Le voyage improbable, première partie / Turf

Un nouvel album de Turf est une bonne nouvelle pour les amateurs de son
style goguenard et coloré, qui s'est fait discret depuis la Nef des fous.
C'est forcément avec un rien d'appréhension qu'on soulève la couverture
intrigante de ce nouveau récit. Jugez-en vous-mêmes : que peut
bien signifier ce phare accroché à la roche et qu'on devine en orbite
autour de la Terre ?
Un ouvrage d'art
satellisé, pardi ! Chez Turf, c'est aussi simple que ça. Et le
mieux, c'est qu'on y croit ! Tout commence sur une plage à marée
basse, alors que des grandes marées exceptionnelles permettent un accès
à pied sec au phare d'Ouestan, l'un des derniers phares habités.
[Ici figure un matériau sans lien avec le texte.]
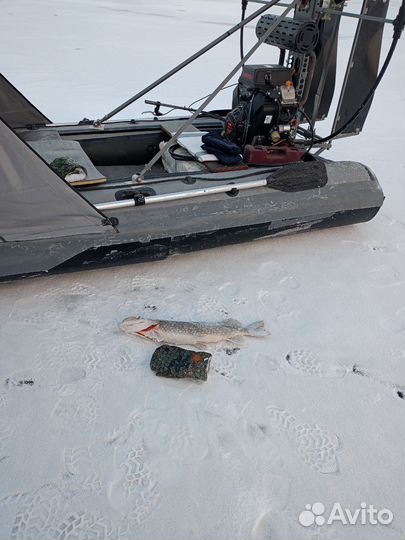 Аэролодка 30л.с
Pendant ces quelques heures, on ravitaille le gardien, on effectue des
travaux d'entretien, tandis qu'une équipe de fouilles s'active au pied
de la roche sur laquelle il est bâti : un paléontologue patenté,
Auguste Schnaps, a découvert le squelette d'un plésiosaure pour le
moins particulier, dont on suppute qu'il aurait deux têtes ! Ceci
justifie une campagne express, menée avec l'aide d'une équipe complète
de fouille et d'un scientifique ami, le professeur Noodle, qui arrive
en retard pour cause de phobie du transport aérien (accompagné d'un
drôle d'oiseau, escogriffe de noir vêtu qui prétend s'appeler Kurt
Fruchttück, de l'université de Kugluktuk). La fouille tourne rapidement
court, quand une étudiante signale au professeur Schnaps un drôle de
bruit émanant d'un trou dans la roche. Le savant analyse fort justement
la situation : « c'est un gaz ! Apparemment incolore et
inodore. Le jet est régulier et puissant ! (…) cela pourrait être
du C4H10 ou du C3H8, des gaz bigrement inflammables... et bougrement
explosifs » Cela dit en pointant son éternel cigare sur le trou en
question.
La spectaculaire explosion qui
s'ensuit propulse roche, phare, scientifiques et étudiantes dans les
airs. Les naufragés mettent quelque temps à réaliser l'ampleur de
l'événement, encore un peu plus à s'organiser. Tout n'est pas perdu,
car le phare, en plus d'un gardien peu amène et de son perroquet
grossier, contient des provisions, une réserve d'eau douce, un groupe
électrogène et des produits de première nécessité. L'odyssée spatiale
qui commence, absolument improbable et placée sous les auspices d'Hergé
(comment ne pas voir dans le phare rouge et blanc une image en miroir
de la fusée d'Objectif Lune ?)
ménage de superbes images de la Terre vue de l'espace et des rencontres
étonnantes. Ainsi Laïka, le premier être vivant envoyé dans l'espace
par les soviétique, sort-elle la tête d'un satellite intercepté par les
voyageurs... Comme d'habitude chez Turf, l'histoire, délicieusement
absurde, est émaillée de dialogues savoureux, et servie par un trait
riche et précis. Des rebondissements étonnants ponctuent le récit, et
malgré ses fondations irrationnelles, on attend la suite avec
impatience ! Pour tous dès le collège.
Références :
Le voyage improbable, première partie / Turf. Delcourt, 2014. 14,50 €. 978-2-7560-4785-0.